I started seeing a sex therapist last April, and it was one of the best decisions I ever made. I have a lot to say about that whole experience, but one thing that’s particularly come up for me lately in conversations is a session we did where we were cuddling and she asked me, playfully, “so what do you want to do?” and I had a clear experience of

  1. knowing the answer, which was “I actually just want to keep cuddling,”
  2. feeling embarrassed and a little ashamed of it, and
  3. noticing this and promoting it fully to conscious attention.

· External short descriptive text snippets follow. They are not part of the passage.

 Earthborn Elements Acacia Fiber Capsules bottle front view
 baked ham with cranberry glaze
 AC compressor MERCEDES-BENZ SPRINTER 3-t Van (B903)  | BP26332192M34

The narrative I absorbed growing up of what it meant to be a sexual man was that I was supposed to constantly want all these sexual things with women, and was supposed to just be waiting for yeses to immediately dive into doing all of them with gusto. But that has basically never been my experience. I also absorbed a narrative that men who expressed sexual desire were monsters, so I never felt safe even feeling sexual desire around women (as opposed to porn), let alone expressing it. My first clear experience of feeling sexual desire for a woman in front of me was a few months ago.

Before sex therapy, what I sometimes (often? I have no idea, honestly) did with partners was perform desire; touching them in ways that I thought would make them feel desired, because if I didn’t then they’d feel bad and I would have failed in my role as a loving partner. And it’s not that I didn’t know that this dynamic existed, but I only knew it as a thing that happened to women; I had never heard a man describe it happening to them. (Actually growing up I never heard a male friend describe any sexual problems whatsoever. It was just not something any of us ever talked about.)

Closely related, for me, is performing dominance. I have a history of being attracted to submissive women but having no idea how to dominate them because I had absorbed all these narratives around male dominance being toxic. The result, as far as I can tell, was that I faked it and I didn’t make it. I experimented with choking and hair pulling and none of it really felt like it was coming from a real place in me; I was doing it to make my partners happy and that’s about it. And based on conversations I’ve been having recently I’m not alone in this.

Anyway, I hereby consign all of this to the flames. I release performance and the narratives that give rise to it. There’s so much more richness and vulnerability and beauty available in the moment-to-moment dance of physical connection with another human being.

My sex therapist and I ended up cuddling for another 10 minutes or so and it felt great.